Abstract

Purpose The aim of this study was to examine the accuracy of arterial oxygen saturation (Sa o 2) and venous oxygen saturation (Sv o 2) with paired arterial and venous (AV) blood in relation to pulse oximetry saturation (Sp o 2) and oxyhemoglobin (Hb o 2) with fetal hemoglobin determination, and their Hb o 2 dissociation curves. Method Twelve preterm neonates with gestational ages ranging from 27 to 34 weeks at birth, who had umbilical AV lines inserted, were investigated.

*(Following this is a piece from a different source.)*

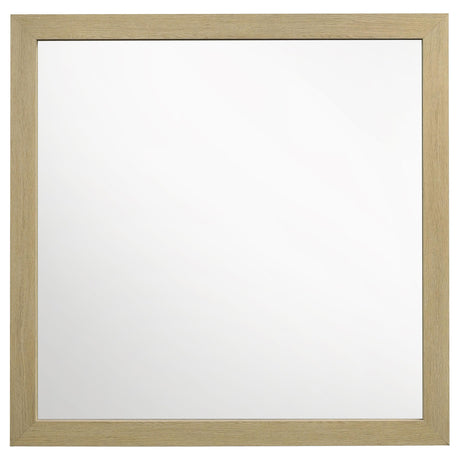  Coaster Furniture Hendricks 222654 Dresser Mirror - Light Oak IMAGE 2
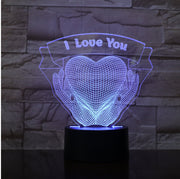 Cadeau Saint Valentin Mains tenant l'amour Veilleuse 3D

Analyses were performed with 37 pairs of AV blood samples by using a blood volume safety protocol. Results The mean differences between Sa o 2 and Sv o 2, and AV Hb o 2 were both 6 percent (±6.9 and ±6.7 percent, respectively), with higher Sv o 2 than those reported for adults. Biases were 2.1 ± 0.49 for Sa o 2, 2.0 ± 0.44 for Sv o 2, and 3.1 ± 0.45 for Sp o 2, compared against Hb o 2. With left-shifted Hb o 2 dissociation curves in neonates, for the critical values of oxygen tension values between 50 and 75 millimeters of mercury, Hb o 2 ranged from 92 to 93.4 percent; Sa o 2 ranged from 94.5 to 95.7 percent; and Sp o 2 ranged from 93.7 to 96.3 percent (compared to 85–94 percent in healthy adults). Conclusions In neonates, both left-shifted Hb o 2 dissociation curve and lower AV differences of oxygen saturation measurements indicated low flow of oxygen to the body tissues. These findings demonstrate the importance of accurate assessment of oxygenation statues in neonates.